La represión el día del referéndum y poner entre rejas a dos líderes independentistas resultaron movidas bastante tontas en todo este contexto. Qué necesidad. Rajoy amagó en algún momento con plantear la modificación de la Constitución para generarle más autonomía –de la que ya tiene– a Cataluña, pero nunca fue el eje de su estrategia y jamás se aplicó a fondo en esa idea. En suelo catalán, entre los independentistas, el ogro de Madrid es visto como un intervencionista, una imagen que el propio presidente del gobierno español ha contribuido a solidificar.
La asombrosa, increíble, patética –los adjetivos quedan cortos a esta altura– cerrazón de las dos partes no promete nada bueno para la historia de España. El asunto es muy serio. Habrá gente en las calles de Barcelona y otras localidades catalanas dispuestas a resistir. Es muy improbable que no haya reconocimiento internacional para Cataluña (capaz Venezuela, vaya apoyo), en tanto la Unión Europea presionará para que no se concrete la escisión. Desde el punto de vista económico ya es bastante grave lo que está sucediendo, con empresas prácticamente huyendo de Cataluña, los principales bancos desapareciendo de la región.

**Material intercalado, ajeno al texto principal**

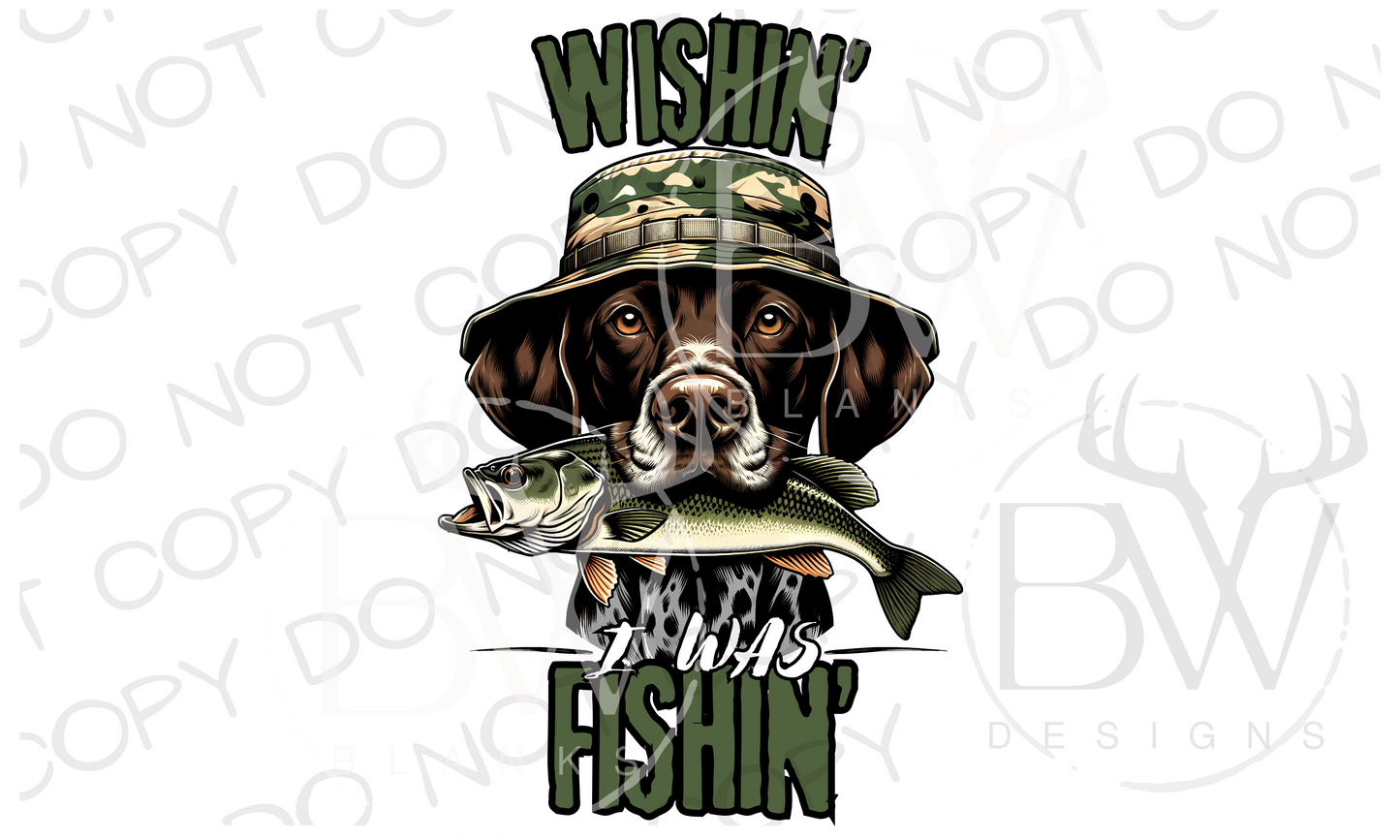 Wishin' I Was Fishin' Pointer Dog Bass Fishing Digital Download PNG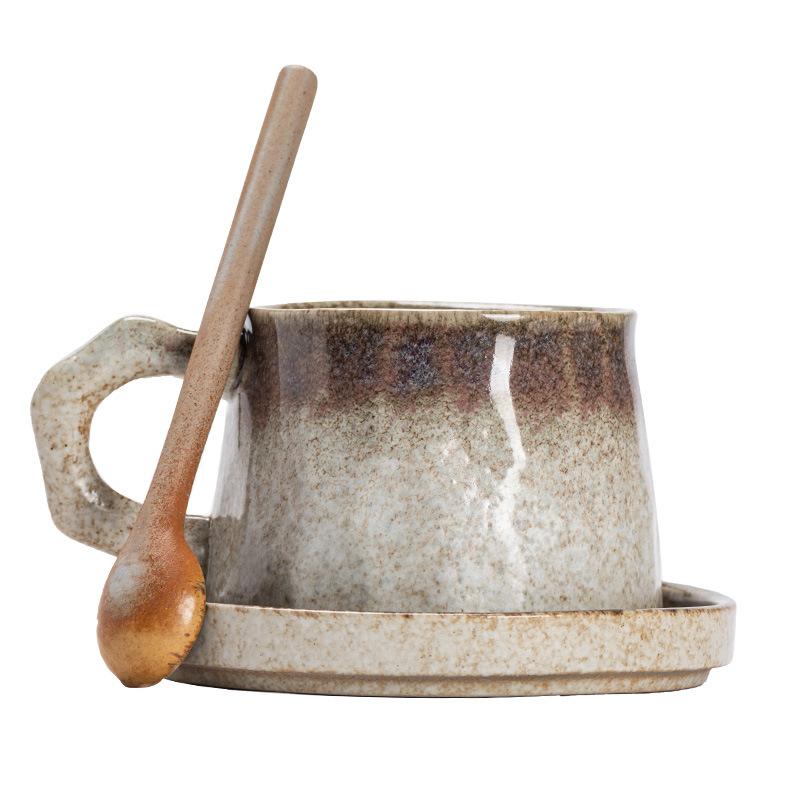 Fashion light luxury style kiln-changed ceramic coffee cup Dehua traditional handmade mug with spoon home gift creation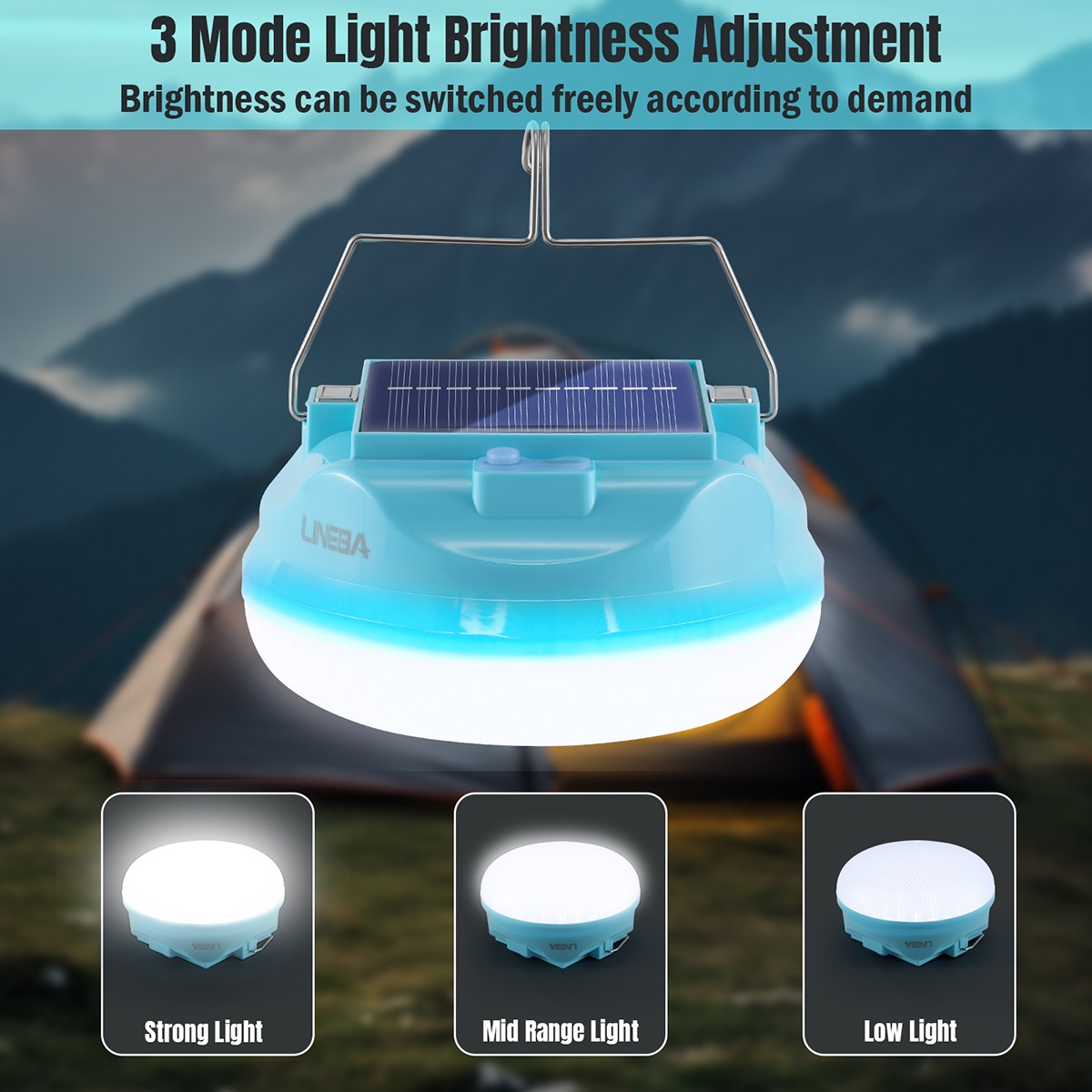 Solar Camping LED Lamp USB Rechargeable Tent Light Outdoor Emergency Lantern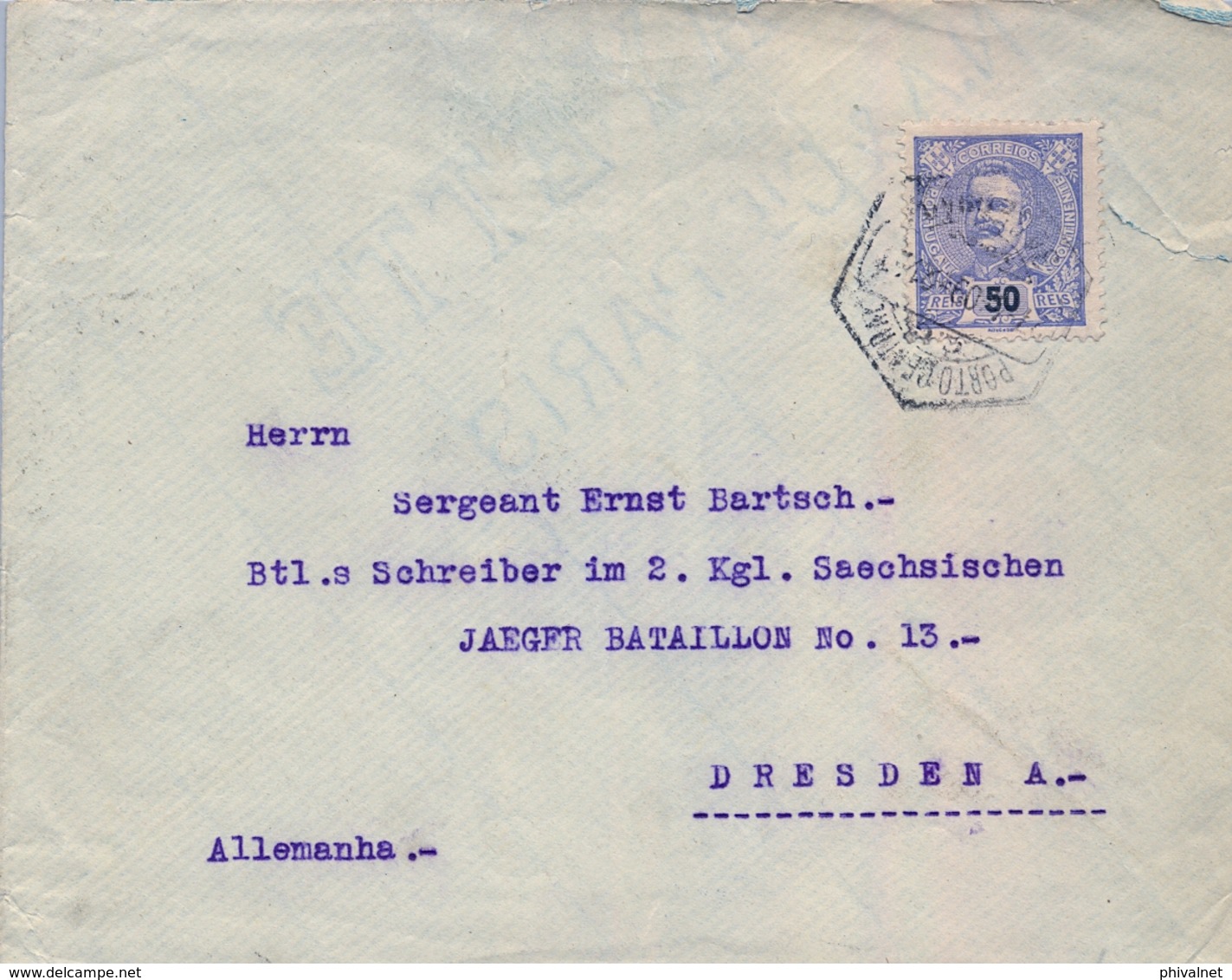 1909 , PORTUGAL , SOBRE CIRCULADO , OPORTO - DRESDEN , D. CARLOS I Nº 142 , LLEGADA , " DEUTSCHER VEREIN IN OPORTO " - Lettres & Documents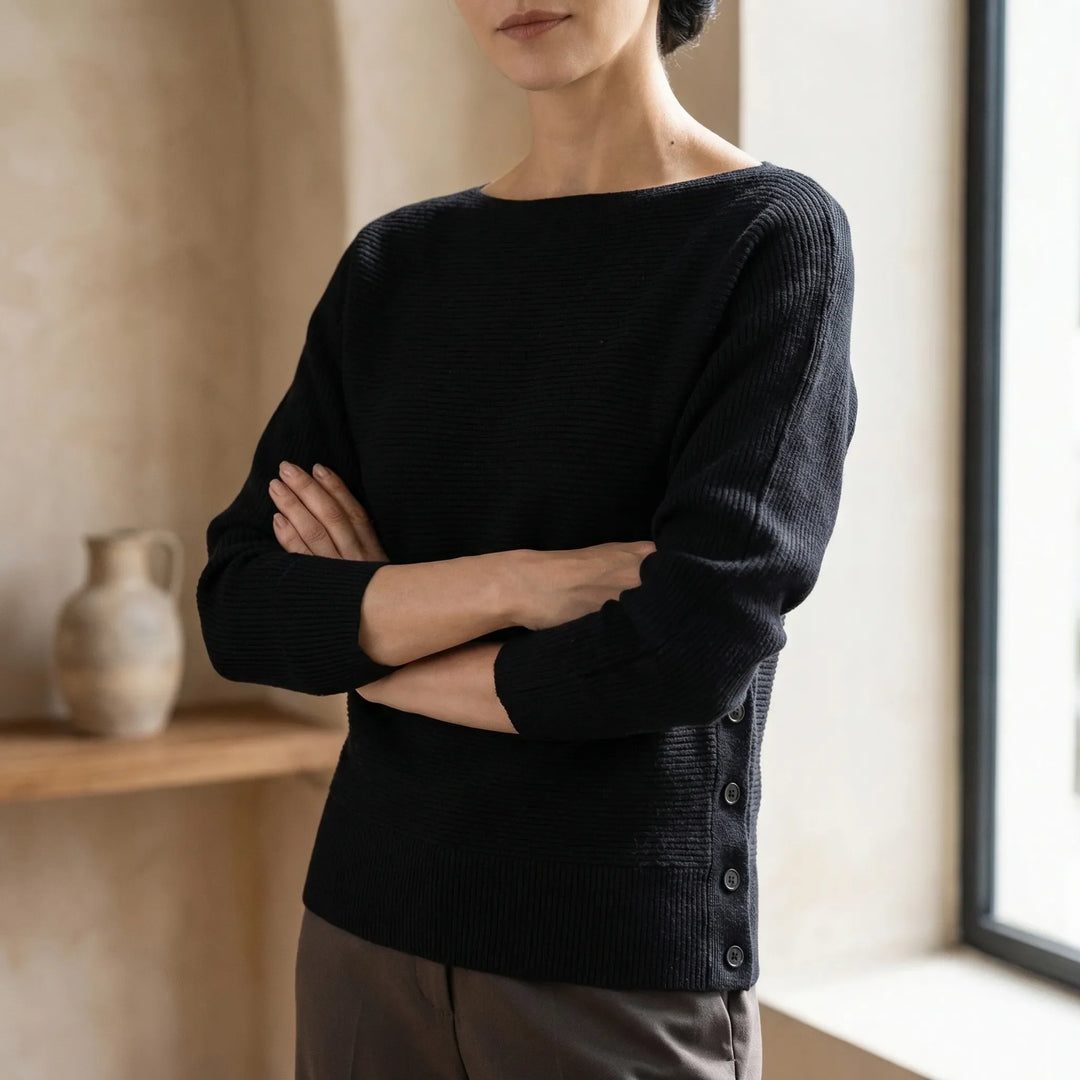 Dravelle - Off-The-Shoulder Batwing Knit Pullover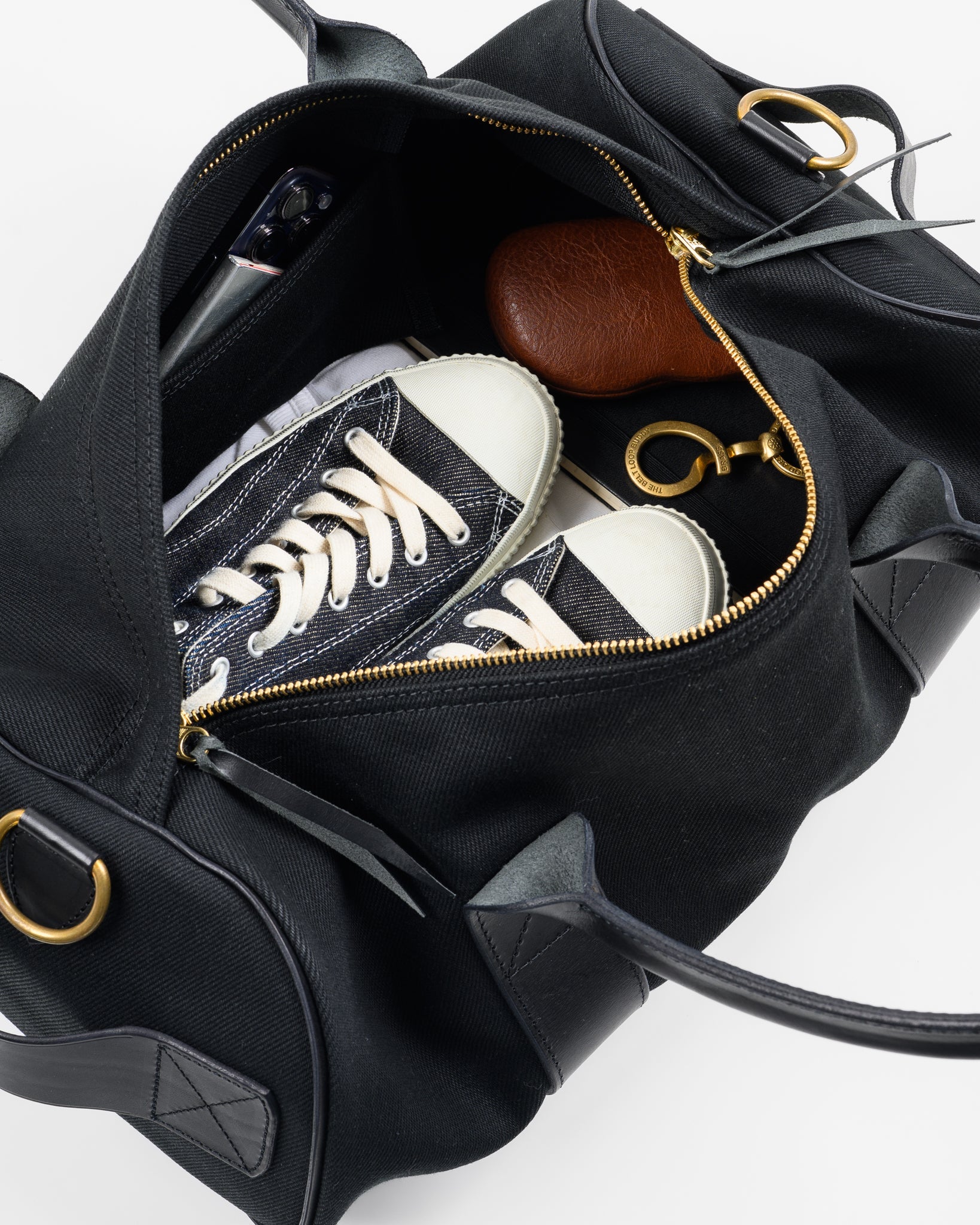 IHE-24-BLK 21oz Denim and Buttero Leather Holdall - BLACK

Es notable y muy alentadora la reflexión que publicó en redes sociales la mismísima alcaldesa de Barcelona, Ada Colau Ballano, titulada “No en mi nombre: ni 155 (el artículo de la Constitución que suspende el autogobierno de Cataluña) ni DUI (Declaración Unilateral de Independencia)”.
“Tanto hablar del choque de trenes en condicional o en futuro, cuesta asimilar que hoy (por ayer) haya llegado el día. Una década de desidia del Partido Popular con Cataluña culmina con la aprobación del Senado del artículo 155. Rajoy lo ha presentado entre los aplausos de los suyos, para vergüenza de todos los que respetamos la dignidad y la democracia. ¿Aplaudían su fracaso? Los que han sido incapaces de proponer ninguna solución, incapaces de escuchar y de gobernar para todos, consuman hoy el golpe a la democracia con la aniquilación del autogobierno catalán”, comienza diciendo.
“Por la misma vía, en contra dirección, un tren más pequeño, el de los partidos independentistas, ha avanzado sin frenos, con prisa kamikaze (…). Una velocidad impuesta por intereses partidistas, en una huida hacia adelante que se consuma con una declaración de independencia hecha en nombre de Cataluña, pero que no cuenta con el apoyo mayoritario de los catalanes. (…) Muchos, muchísimos, llevamos años advirtiendo del peligro y, en las últimas semanas, trabajando en público y en privado por evitar este choque. Somos mayoría, en Cataluña y en España, quienes queríamos que pararan las máquinas, que se impusiera el diálogo, la sensatez y una solución acordada”, prosiguió la alcaldesa con un sentido común que ha faltado en toneladas en las últimas semanas. Duele España, duele Cataluña.